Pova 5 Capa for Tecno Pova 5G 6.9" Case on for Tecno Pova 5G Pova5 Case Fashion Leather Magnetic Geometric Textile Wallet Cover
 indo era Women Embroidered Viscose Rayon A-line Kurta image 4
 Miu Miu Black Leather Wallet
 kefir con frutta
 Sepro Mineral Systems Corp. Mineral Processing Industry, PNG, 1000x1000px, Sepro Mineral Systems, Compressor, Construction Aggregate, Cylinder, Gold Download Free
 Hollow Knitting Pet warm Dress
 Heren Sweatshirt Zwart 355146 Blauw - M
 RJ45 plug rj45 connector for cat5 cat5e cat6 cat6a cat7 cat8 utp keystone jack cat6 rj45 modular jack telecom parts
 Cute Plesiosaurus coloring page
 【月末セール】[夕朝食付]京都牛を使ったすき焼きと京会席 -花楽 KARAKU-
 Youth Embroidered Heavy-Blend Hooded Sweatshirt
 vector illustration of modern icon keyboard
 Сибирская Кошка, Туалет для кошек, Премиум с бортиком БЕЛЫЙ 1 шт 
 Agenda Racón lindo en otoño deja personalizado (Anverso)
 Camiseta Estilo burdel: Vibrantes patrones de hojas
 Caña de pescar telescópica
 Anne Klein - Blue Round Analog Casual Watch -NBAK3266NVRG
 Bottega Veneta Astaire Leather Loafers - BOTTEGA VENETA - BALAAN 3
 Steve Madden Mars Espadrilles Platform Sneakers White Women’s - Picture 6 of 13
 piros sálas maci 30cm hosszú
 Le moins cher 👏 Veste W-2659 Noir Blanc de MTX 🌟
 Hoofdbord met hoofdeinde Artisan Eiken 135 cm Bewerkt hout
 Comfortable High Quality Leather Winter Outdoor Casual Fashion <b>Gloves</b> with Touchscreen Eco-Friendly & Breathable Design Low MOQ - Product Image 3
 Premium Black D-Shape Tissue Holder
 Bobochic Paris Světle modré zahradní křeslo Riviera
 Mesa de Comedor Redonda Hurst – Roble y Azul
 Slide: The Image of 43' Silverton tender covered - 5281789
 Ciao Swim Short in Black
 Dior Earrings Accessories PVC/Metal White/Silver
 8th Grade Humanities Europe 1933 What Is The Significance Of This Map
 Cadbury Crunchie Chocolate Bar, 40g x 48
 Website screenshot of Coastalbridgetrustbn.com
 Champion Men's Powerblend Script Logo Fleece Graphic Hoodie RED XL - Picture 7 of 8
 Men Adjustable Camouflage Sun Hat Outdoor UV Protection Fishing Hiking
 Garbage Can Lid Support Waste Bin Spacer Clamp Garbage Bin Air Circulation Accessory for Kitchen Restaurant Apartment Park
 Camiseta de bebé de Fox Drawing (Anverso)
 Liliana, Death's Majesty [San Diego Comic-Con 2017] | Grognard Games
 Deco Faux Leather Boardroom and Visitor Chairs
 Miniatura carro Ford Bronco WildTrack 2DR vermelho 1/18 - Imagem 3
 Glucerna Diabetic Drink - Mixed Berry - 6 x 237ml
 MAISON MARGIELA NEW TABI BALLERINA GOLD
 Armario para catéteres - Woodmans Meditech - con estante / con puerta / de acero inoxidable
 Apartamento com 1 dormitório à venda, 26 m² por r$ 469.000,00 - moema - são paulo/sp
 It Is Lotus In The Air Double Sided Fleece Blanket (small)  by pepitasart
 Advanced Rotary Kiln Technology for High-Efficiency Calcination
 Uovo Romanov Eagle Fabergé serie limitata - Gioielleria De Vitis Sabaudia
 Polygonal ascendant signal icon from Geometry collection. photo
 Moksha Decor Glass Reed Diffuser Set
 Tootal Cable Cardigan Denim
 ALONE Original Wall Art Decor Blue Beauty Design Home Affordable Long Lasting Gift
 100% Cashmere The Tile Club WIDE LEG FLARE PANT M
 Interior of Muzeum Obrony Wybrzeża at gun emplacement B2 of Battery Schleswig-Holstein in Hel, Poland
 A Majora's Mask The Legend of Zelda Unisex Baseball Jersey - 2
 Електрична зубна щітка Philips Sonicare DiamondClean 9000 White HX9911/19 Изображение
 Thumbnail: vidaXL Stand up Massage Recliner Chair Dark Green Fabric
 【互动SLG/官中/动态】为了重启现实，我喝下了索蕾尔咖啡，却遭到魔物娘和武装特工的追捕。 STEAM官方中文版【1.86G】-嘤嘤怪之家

*ACTIVITY*
Find "ALONE Original Wall" in the data above, then repeat that line and all lines after it exactly, ending with the final line.

*SOLUTION TO THIS EXERCISE*
 ALONE Original Wall Art Decor Blue Beauty Design Home Affordable Long Lasting Gift
 100% Cashmere The Tile Club WIDE LEG FLARE PANT M
 Interior of Muzeum Obrony Wybrzeża at gun emplacement B2 of Battery Schleswig-Holstein in Hel, Poland
 A Majora's Mask The Legend of Zelda Unisex Baseball Jersey - 2
 Електрична зубна щітка Philips Sonicare DiamondClean 9000 White HX9911/19 Изображение
 Thumbnail: vidaXL Stand up Massage Recliner Chair Dark Green Fabric
 【互动SLG/官中/动态】为了重启现实，我喝下了索蕾尔咖啡，却遭到魔物娘和武装特工的追捕。 STEAM官方中文版【1.86G】-嘤嘤怪之家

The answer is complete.